AuthorKorb, Lawrence J.

Few would deny that ethnic strife is part and parcel of geopolitics, or that the United States needs a sensible, consistent policy on how to deal with these ethnic conflicts. This eminently readable, but well-documented (430 footnotes) study discusses how the U.S. can develop such a policy. Callahan's prescription involves three interrelated components: First, the U.S. must develop the capacity to predict, prevent, and intervene with military force when necessary in these "unwinnable wars" Second, while the U.S. should not blindly become engaged in conflicts that are peripheral to the country's core interests, such conflicts can be relevant to America's interests.
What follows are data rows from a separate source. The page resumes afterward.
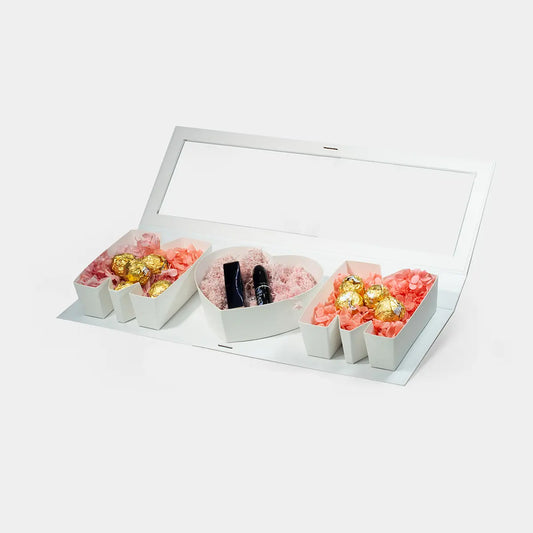Pink/White 'M❤️M' Window Treat Box - 44x15x5.3cm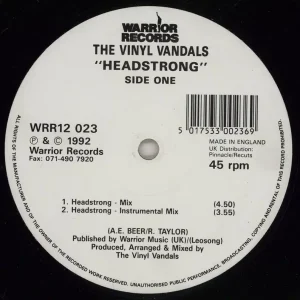 Save Now The Vinyl Vandals Headstrong UK 12" vinyl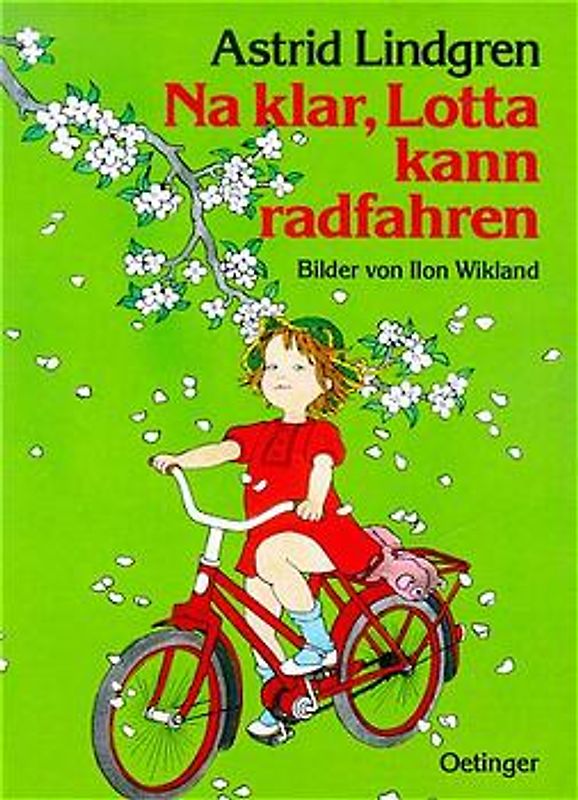 Na klar, Lotta kann Rad fahren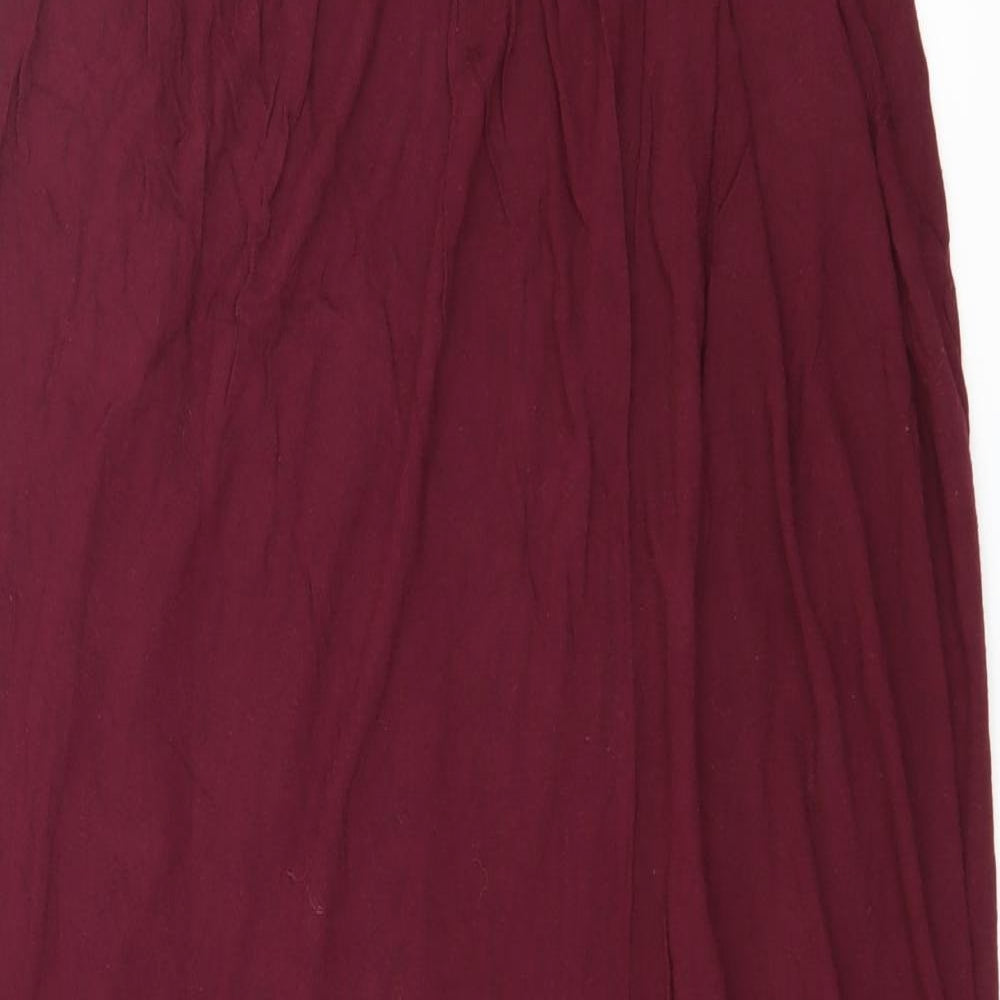 Atmosphere Womens Purple  Jersey Maxi Skirt Size 10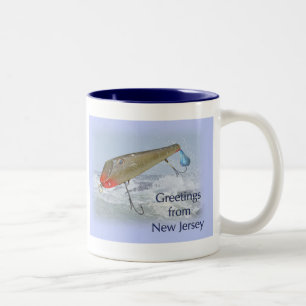 Tasse 2 Couleurs Salutations Du New Jersey Fishing Lure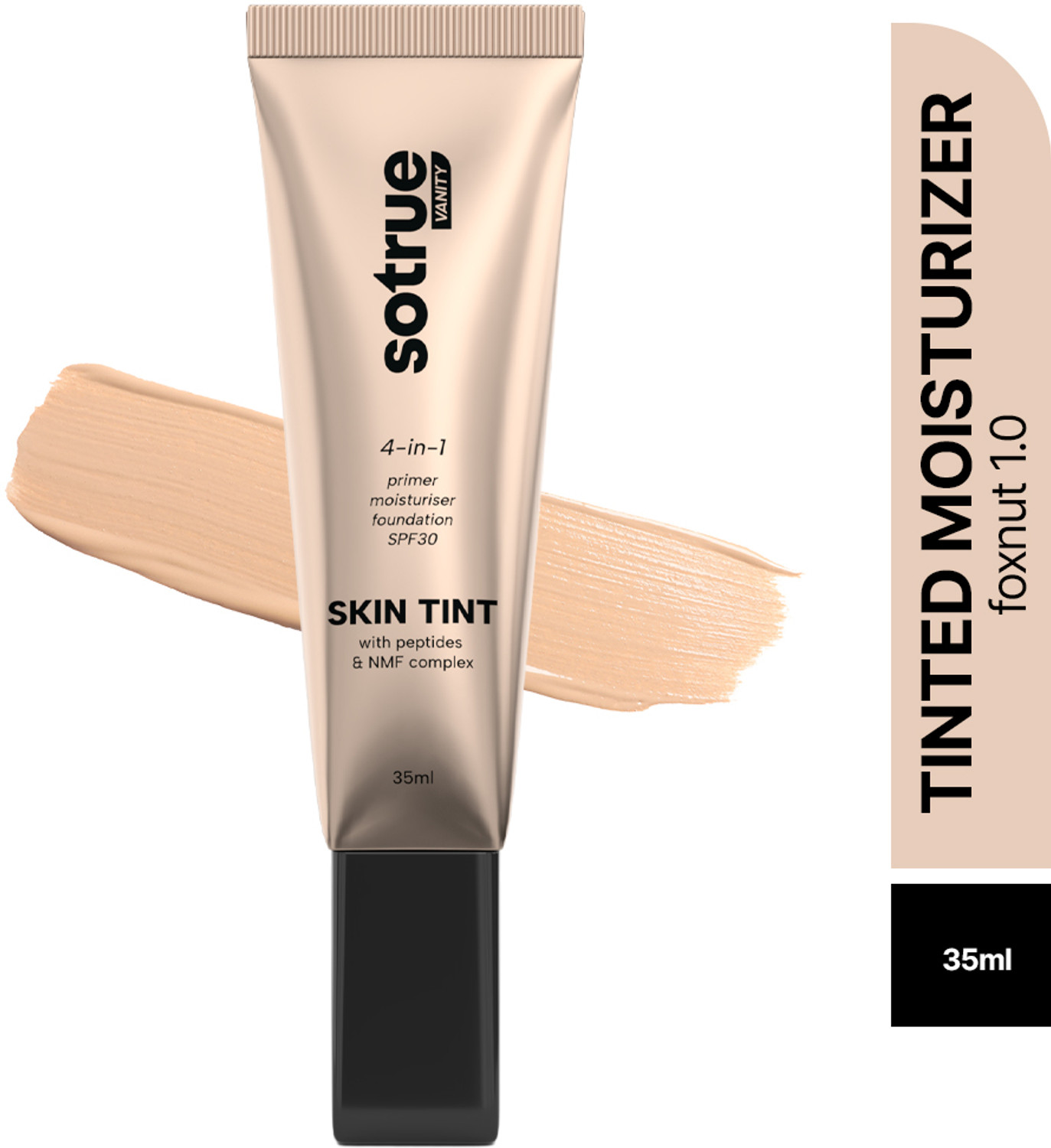 Image of Sotrue 4-in-1 Skin Tint | Primer+Moisturiser+Foundation+SPF30 | Seamless Coverage, Foundation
Third, U.S. involvement in ethnic conflicts, excluding military action, carries no guarantee of success. But U.S. credibility will suffer far more if the United States fails to try military action in the face of unchecked barbarism than if it tries and fails, as it did in Lebanon and Somalia.

Callahan begins his study by noting two important, but often overlooked, facts. First, ethnic conflict is an age-old problem. Despite the claims of the foreign policy establishment, it has not been caused by the end of the Cold War. Indeed, during the Cold War, ethnic conflict often exploded with unspeakable levels of inhumanity in places like Biafra, Burundi, East Pakistan, and Lebanon. Second, the number of ethnic conflicts in the future will be limited. The world is now at the tail end of the third great wave of state fragmentation during this century. The first wave was triggered by the breakup of the Austro-Hungarian and Ottoman Empires, the second by the dissolution of the great colonial empires, and the third by the collapse of communism.

Callahan notes correctly that formulating US. policy toward these conflicts involves a "dazzling array of calculations." Policy makers must make judgments about the merits of particular nationality movements, their chances of creating viable...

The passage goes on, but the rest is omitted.